AIM OF THE TASK: Everything from the line containing "WoW Draenor Treasures" to the end of the data must be duplicated word for word, and nothing else may appear.

INPUT MATERIAL:
-- Opening Marker --

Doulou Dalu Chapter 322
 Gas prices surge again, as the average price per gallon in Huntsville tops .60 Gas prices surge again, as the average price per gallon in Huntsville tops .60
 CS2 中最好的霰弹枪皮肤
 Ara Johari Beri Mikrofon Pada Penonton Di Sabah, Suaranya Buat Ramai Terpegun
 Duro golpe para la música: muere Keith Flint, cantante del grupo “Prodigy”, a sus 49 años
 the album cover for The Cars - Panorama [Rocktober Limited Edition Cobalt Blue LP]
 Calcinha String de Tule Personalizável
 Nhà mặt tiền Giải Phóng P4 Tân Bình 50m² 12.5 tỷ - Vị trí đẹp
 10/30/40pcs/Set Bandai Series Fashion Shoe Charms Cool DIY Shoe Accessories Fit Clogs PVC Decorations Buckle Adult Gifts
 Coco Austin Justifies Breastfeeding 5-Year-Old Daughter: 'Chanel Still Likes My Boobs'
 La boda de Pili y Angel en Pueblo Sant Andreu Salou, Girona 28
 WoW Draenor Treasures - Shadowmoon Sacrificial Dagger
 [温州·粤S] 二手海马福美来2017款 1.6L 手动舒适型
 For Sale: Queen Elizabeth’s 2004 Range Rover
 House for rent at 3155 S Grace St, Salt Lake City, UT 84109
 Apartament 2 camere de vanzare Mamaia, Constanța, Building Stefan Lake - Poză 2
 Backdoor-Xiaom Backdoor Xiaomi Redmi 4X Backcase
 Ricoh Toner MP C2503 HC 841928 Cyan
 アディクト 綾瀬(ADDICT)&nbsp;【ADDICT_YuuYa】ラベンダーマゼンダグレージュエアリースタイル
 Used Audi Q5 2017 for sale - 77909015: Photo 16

-- Closing Marker --

ANSWER TO THE EXERCISE:
 WoW Draenor Treasures - Shadowmoon Sacrificial Dagger
 [温州·粤S] 二手海马福美来2017款 1.6L 手动舒适型
 For Sale: Queen Elizabeth’s 2004 Range Rover
 House for rent at 3155 S Grace St, Salt Lake City, UT 84109
 Apartament 2 camere de vanzare Mamaia, Constanța, Building Stefan Lake - Poză 2
 Backdoor-Xiaom Backdoor Xiaomi Redmi 4X Backcase
 Ricoh Toner MP C2503 HC 841928 Cyan
 アディクト 綾瀬(ADDICT)&nbsp;【ADDICT_YuuYa】ラベンダーマゼンダグレージュエアリースタイル
 Used Audi Q5 2017 for sale - 77909015: Photo 16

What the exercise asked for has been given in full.